U.S Federal Election Commission May Allow Foreign Born Muslim to Run for President

The United States Federal Election Commission is showing signs that it might allow a Guyana-born American citizen to file papers and raise money to run for president of the United States.

The agency released two draft advisory opinions Friday that could permit New York lawyer Abdul Hassan to go through the initial steps to run for president. But the FEC’s pending decision won’t be the last word on the constitutional issue of whether someone born outside the United States can be president.

Hassan was born in the South American country in 1974, and he asked the FEC in July whether he could raise funds as a candidate for president.

The request put the FEC in the rare role of deciding a large constitutional issue that has only a few intersections with campaign finance law. The two commonly held constitutional requirements to run for president are that the candidate be 35 years or older and be a “natural born citizen.”

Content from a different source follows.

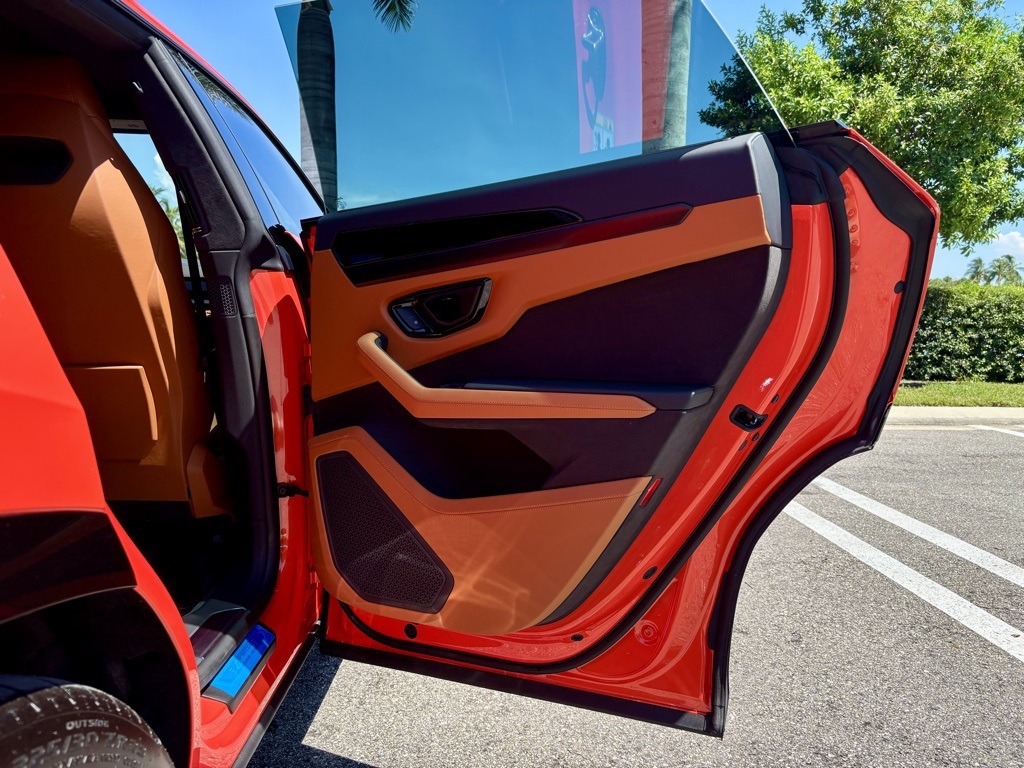 2025 Lamborghini Urus SE photo 22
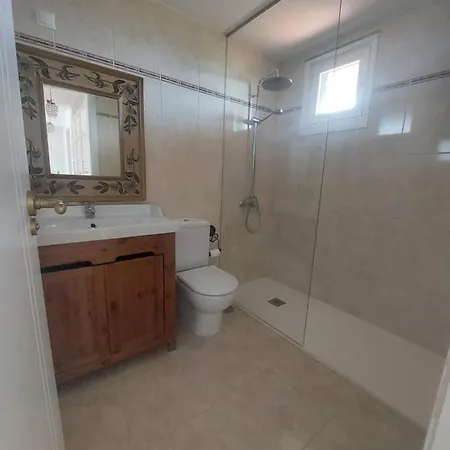 Apartamento Con Terraza Privada, Garaje Y Wifi. Apartment Teo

The agency quickly signaled that it would decide the technicalities of filing requirements while leaving the broader issue of who can run for president to the judicial branch. In an email to Hassan on July 18, the FEC stated that he understood “that although the Commission can respond to the questions asked in [his] advisory opinion, the Commission cannot make any determination as to whether [Hassan] can, as a naturalized citizen, serve as President.”

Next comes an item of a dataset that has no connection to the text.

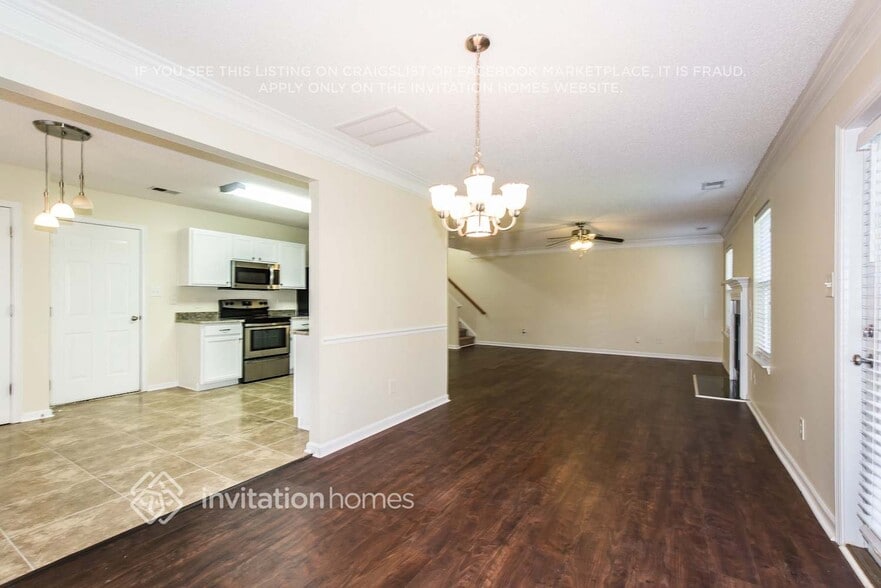 Building Photo - 10300 Haddington Dr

Both advisory opinions answer three of Hassan’s four questions in a similar way. They state that Hassan could be a candidate, may solicit funds and would be required to file disclosure reports. But the two opinions differ on whether he may receive federal matching funds.

The first draft states that Hassan would not be allowed to receive matching funds because “the United States Constitution provides that ‘no Person except a natural born Citizen, or a Citizen of the United States, at the time of the Adoption of this Constitution, shall be eligible to the Office of President.’”

The second draft ducks the issue, stating that the “Commission expresses no opinion regarding this question” because it is a “hypothetical.”

The FEC is slated to discuss and possibly vote on the draft opinions at an open meeting Thursday. Four of the six commissioners must support an opinion for it to be approved.

Hassan told Roll Call that he has almost no political background but is a “political junkie” with various legislative ideas.

“I follow politics closely, but I have never held elected office,” he said. “I would admit that I am not well-known, and I would admit that my chances of winning are not as good as other candidates. That’s obvious.”

Although Hassan said he sees the far-reaching implications of his FEC request for future candidates, he said he did not make his request as a response to long-refuted claims that President Barack Obama was not born in America.

“I wasn’t even thinking about the birthers, though I am ideologically opposed to people on the birther side of the argument,” he said.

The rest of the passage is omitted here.